Teknologi pendidikan modern juga telah menghadirkan pendekatan berbasis etika, seperti kecerdasan buatan (AI) yang digunakan dalam analisis perilaku siswa, guna mengajarkan konsekuensi dari pilihan mereka melalui simulasi atau pembelajaran berbasis kasus (case-based learning). Hal ini selaras dengan konsep pembalasan dan tanggung jawab moral yang dijelaskan dalam tafsir ayat ini.
Riset yang Relevan
Dr. Sarah Thompson (2023) melakukan sebuah studi bertajuk "The Role of Moral Responsibility in Student Behavior and Decision-Making" dengan menerapkan studi kualitatif dengan wawancara terhadap 50 guru dan 200 siswa di berbagai sekolah di AS. Riset ini menemukan bahwa siswa yang memahami konsekuensi moral dari tindakan mereka memiliki tingkat kedisiplinan yang lebih tinggi.
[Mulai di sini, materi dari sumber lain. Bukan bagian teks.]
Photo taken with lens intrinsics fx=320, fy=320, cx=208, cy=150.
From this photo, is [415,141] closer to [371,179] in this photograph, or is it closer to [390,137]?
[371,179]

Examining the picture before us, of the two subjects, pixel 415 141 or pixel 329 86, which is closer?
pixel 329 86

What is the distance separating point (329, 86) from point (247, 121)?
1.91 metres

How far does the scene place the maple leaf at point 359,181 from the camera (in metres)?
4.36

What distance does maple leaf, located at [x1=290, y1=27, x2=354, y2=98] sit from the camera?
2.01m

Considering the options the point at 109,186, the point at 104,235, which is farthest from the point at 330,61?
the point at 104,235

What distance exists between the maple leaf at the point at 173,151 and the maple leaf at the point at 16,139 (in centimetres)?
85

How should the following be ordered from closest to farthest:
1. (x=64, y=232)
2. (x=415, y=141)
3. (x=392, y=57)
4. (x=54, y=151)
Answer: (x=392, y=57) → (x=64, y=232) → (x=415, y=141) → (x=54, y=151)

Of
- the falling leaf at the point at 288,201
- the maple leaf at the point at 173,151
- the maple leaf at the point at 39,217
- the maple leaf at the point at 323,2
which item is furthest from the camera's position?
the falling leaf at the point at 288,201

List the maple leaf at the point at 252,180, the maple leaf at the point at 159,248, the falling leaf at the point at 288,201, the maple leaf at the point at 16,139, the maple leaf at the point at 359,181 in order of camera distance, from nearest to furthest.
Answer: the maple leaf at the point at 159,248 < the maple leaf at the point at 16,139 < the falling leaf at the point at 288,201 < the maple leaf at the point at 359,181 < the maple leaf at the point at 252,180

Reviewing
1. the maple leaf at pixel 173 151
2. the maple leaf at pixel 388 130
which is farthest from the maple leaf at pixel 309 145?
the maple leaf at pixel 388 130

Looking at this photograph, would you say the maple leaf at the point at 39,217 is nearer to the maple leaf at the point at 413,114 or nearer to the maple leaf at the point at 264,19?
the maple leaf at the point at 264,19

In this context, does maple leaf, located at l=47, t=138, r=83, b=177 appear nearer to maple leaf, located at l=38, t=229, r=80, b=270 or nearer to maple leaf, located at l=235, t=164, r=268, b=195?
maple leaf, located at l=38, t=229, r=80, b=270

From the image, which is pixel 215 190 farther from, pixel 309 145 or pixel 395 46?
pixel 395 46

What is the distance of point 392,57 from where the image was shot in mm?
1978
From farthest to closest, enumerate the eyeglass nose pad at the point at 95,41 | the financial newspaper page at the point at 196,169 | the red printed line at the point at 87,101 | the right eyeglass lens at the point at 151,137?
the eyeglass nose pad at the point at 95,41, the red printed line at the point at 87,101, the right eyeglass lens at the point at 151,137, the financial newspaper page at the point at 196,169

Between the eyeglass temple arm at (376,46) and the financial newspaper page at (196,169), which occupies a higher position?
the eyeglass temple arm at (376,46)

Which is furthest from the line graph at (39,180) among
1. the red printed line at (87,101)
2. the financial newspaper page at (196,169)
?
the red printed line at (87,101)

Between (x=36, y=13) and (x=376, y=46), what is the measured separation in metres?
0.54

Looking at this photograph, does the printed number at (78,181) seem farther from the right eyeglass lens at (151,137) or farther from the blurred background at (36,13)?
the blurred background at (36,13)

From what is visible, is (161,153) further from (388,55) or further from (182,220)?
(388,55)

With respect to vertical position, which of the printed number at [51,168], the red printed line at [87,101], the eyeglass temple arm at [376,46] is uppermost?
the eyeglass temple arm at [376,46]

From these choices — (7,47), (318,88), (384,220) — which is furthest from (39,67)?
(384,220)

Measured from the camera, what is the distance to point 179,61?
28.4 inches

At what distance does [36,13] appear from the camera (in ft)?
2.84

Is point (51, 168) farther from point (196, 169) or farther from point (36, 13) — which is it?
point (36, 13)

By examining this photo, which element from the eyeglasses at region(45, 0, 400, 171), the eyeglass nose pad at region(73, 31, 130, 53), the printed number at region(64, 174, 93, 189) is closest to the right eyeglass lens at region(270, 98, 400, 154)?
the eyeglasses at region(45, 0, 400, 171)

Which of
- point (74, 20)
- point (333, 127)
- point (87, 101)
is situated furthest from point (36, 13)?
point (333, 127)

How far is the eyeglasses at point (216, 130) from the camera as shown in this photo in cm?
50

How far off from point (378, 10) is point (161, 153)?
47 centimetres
Pendidikan berbasis nilai etika berkontribusi dalam membangun pemikiran kritis dan kesadaran sosial yang lebih baik.
Selain itu, Prof. Ahmed Al-Mansouri (2024) juga merilis satu penelitian bertajuk "Cause and Effect in Human Behavior: A Neuroscientific Approach", sebuah riset berbasis fMRI terhadap aktivitas otak manusia saat menghadapi konsekuensi keputusan moral. Ia menyatakan bahwa bagian otak yang berkaitan dengan rasa tanggung jawab (prefrontal cortex) menunjukkan aktivitas lebih tinggi saat individu mempertimbangkan konsekuensi jangka panjang dibandingkan keputusan impulsif. Hal ini mendukung teori bahwa manusia secara biologis dirancang untuk memahami akibat dari tindakan mereka, sejalan dengan konsep yang disampaikan dalam Q.S. Az-Zariyat: 60.
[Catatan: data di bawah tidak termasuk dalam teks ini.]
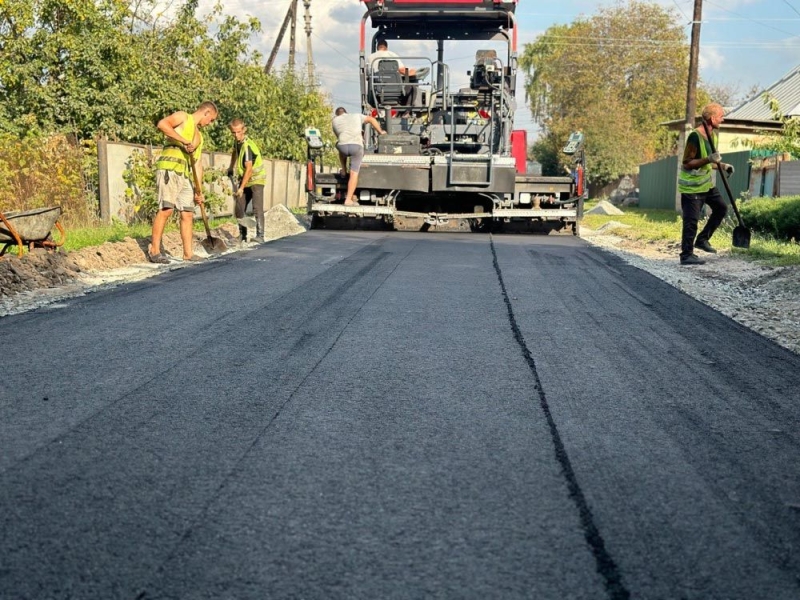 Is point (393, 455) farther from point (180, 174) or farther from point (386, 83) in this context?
point (386, 83)

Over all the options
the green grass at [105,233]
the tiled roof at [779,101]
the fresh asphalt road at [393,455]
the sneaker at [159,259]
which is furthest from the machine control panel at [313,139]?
the tiled roof at [779,101]

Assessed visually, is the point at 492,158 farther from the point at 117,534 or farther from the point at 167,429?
the point at 117,534

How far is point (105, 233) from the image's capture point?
12195 millimetres

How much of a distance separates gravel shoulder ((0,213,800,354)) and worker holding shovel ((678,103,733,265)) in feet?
1.50

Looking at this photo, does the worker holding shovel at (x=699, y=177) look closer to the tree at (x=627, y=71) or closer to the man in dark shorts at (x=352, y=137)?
the man in dark shorts at (x=352, y=137)

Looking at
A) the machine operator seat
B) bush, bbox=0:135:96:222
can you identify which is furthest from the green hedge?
bush, bbox=0:135:96:222

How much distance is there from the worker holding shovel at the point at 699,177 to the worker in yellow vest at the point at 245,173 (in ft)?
18.7

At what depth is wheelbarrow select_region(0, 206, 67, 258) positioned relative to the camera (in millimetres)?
7676

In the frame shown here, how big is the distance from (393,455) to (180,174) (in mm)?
6943

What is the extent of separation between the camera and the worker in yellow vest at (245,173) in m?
12.2

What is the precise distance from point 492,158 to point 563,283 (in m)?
5.76

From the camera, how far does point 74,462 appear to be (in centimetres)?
322

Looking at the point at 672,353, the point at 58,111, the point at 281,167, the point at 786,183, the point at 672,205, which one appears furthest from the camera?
the point at 672,205

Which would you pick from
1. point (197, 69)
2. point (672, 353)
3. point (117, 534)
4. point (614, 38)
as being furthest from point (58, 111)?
point (614, 38) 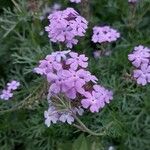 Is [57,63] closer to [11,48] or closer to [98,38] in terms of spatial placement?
[98,38]

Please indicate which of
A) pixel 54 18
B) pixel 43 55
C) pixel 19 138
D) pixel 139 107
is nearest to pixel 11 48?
pixel 43 55

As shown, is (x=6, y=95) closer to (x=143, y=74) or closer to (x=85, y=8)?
(x=85, y=8)

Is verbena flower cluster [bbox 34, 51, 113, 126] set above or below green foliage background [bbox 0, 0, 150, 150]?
above

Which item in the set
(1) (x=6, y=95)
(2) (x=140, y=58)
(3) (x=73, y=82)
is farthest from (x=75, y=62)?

Penafsiran Ibnu Abbas dan Ibnu Katsir terhadap ayat ini menegaskan konsep balasan atas amal perbuatan, yang dalam konteks modern dapat dikaitkan dengan prinsip kausalitas dalam sains dan pendidikan karakter. Riset terbaru juga menunjukkan bahwa pemahaman terhadap konsekuensi moral berperan dalam pengembangan perilaku manusia, memperkuat pesan yang disampaikan dalam ayat ini.